"We watched it float down the road," she said.
Nearly 18,000 homes around the state have been damaged.
"I think there is still going to be a lot of shock and disbelief," said Matthew Applebaum, the mayor of Boulder. "The amount of destruction, the damage to people's houses, the damage to neighborhoods, the damage to roads, the damage to our much beloved open space -- it's pretty significant and, as I said, it's extraordinarily widespread."
Like many, Casey Korbely wants to return home. But pictures from his neighborhood in Boulder County show cars buried in mud, and a huge hole that was once a road.
"The cops and firefighters said it would probably take two to three weeks before they can build a bridge and we can get our vehicles out. "
But Korbely is determined to get back -- by hiking. An uphill climb ... fueled by a Colorado spirit that doesn't give up.
In Boulder, the Schuler family surveyed the incredible damage to their home, inundated by water and mud. They live in the flood plain, but have insurance.
"It totally took all the furniture and moved it from one room to the other, so it was whipping through the house," Kim Schuler told CNN as he showed the damage.

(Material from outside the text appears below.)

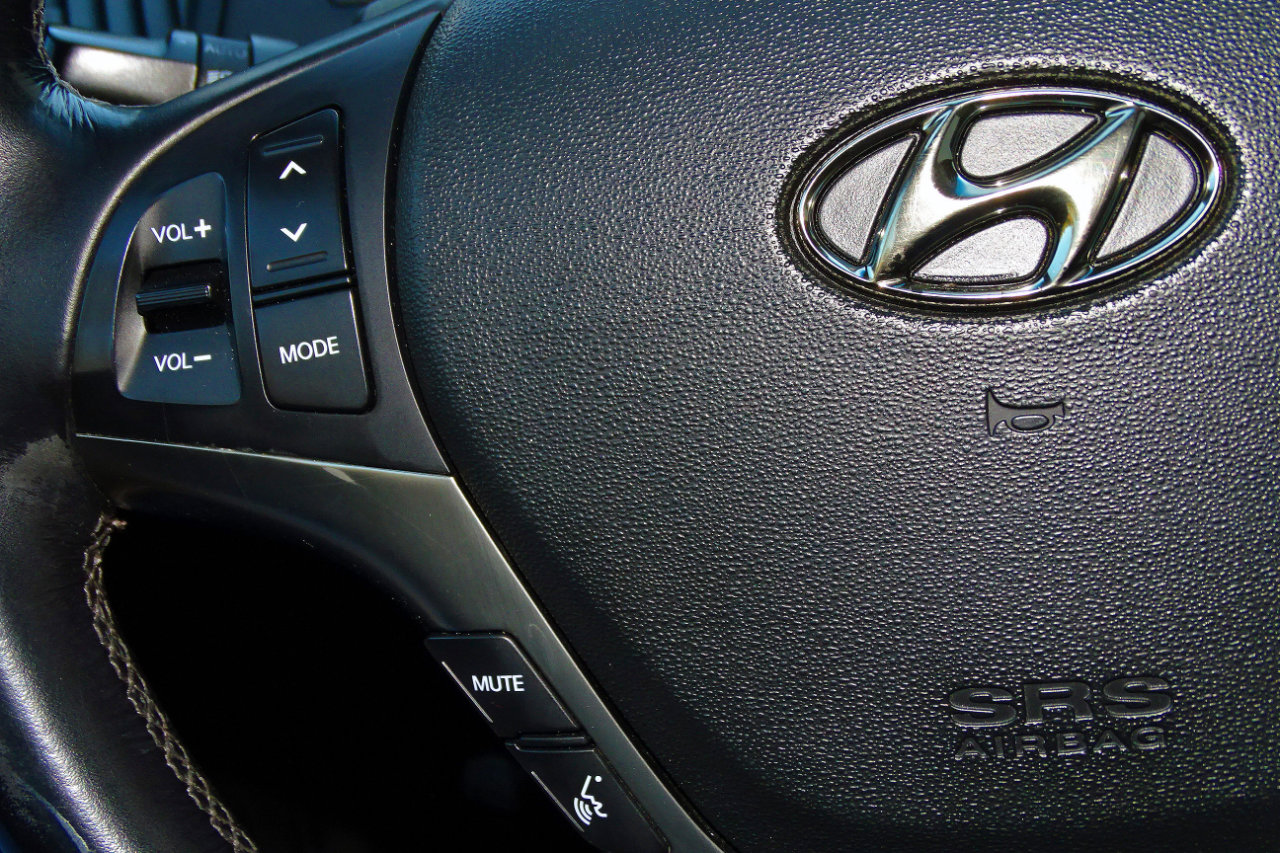 Used 2013 Hyundai Genesis 3.8 image 20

The resident said friends have helped them clean up the muck and prepare for the next step.
"It does give you a perspective on humanity," Schuler said. "There's a lot of nice people that you don't know that don't ask for anything of thanks. They just came in, they helped and they left."
More than 6,400 Colorado residents in the disaster have applied for aid from the Federal Emergency Management Agency, and more than $430,000 has been approved in individual assistance such as temporary housing and home repairs, FEMA said Tuesday.